A friend and former teaching colleague told me the other day that he thought that we were living in a post-literature age. This was in response to my remarks about how little my son Tom read (as in book reading). I had also mentioned my disappointment at how few novels were being read in his Year 7 English class, namely one to date. This seems to be a trend nowadays and one that I think might be regretted in years to come.
Novels are usually written by people with a decent grasp of how to write. Even potboilers have structure - a certain complexity of vocabulary and sentence variability. There is an unfolding plotline. When we read novels (or any text for that matter), we learn something about language. We learn initially to imitate through immersion in the reading process and later we develop our own style, often a composite of many others. I find my own writing style takes on something of the last substantial thing that I read, whether it be fiction or non-fiction. Following the completion of Dickens A Tale of Two Cities I found myself writing in a more ornate, wordy manner.
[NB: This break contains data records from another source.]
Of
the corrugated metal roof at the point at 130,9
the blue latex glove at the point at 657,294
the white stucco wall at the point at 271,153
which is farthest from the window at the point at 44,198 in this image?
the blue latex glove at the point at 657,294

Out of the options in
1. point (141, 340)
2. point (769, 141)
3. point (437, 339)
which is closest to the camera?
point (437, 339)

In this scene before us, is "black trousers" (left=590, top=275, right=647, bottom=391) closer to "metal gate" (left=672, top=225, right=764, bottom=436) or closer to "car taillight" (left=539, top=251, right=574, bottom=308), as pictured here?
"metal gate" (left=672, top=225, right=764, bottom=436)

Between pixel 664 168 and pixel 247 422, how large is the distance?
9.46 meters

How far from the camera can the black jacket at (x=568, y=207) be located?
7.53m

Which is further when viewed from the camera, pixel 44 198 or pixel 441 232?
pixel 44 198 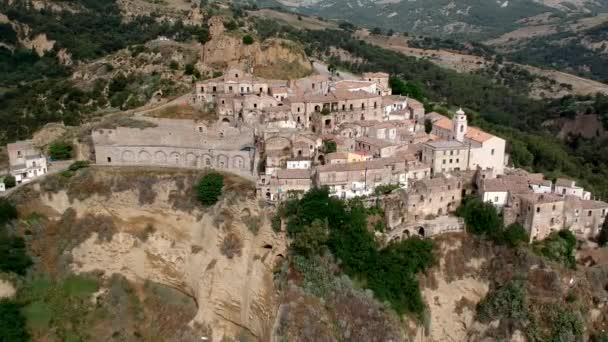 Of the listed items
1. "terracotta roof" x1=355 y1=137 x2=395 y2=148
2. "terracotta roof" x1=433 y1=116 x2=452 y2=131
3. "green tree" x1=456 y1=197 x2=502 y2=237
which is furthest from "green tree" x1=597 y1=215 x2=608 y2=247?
"terracotta roof" x1=355 y1=137 x2=395 y2=148

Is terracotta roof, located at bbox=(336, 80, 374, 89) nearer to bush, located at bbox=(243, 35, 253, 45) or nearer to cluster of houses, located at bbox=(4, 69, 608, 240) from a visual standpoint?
cluster of houses, located at bbox=(4, 69, 608, 240)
I recognised that fact and made the adjustment, but something in my writing was changed by the experience. And this is a positive thing.
You can examine as many fragments of text types that you like and become passably good at understanding or interpreting them. You might become an effective communicator in these modes. But immersion in story-telling is fundamental if we want students to be competent writers of their native language; also if we want them to understand their own culture and (dare I say it), the human condition.
I think the notion of a post-literature age is overblown. Perhaps more realistically, we are seeing the last outworking of post-modernity as an abiding influence, together with the necessary accommodation that the technological revolution has forced upon educational systems. Like many things that are in fashion, the things that are important will re-emerge, minus the frippery.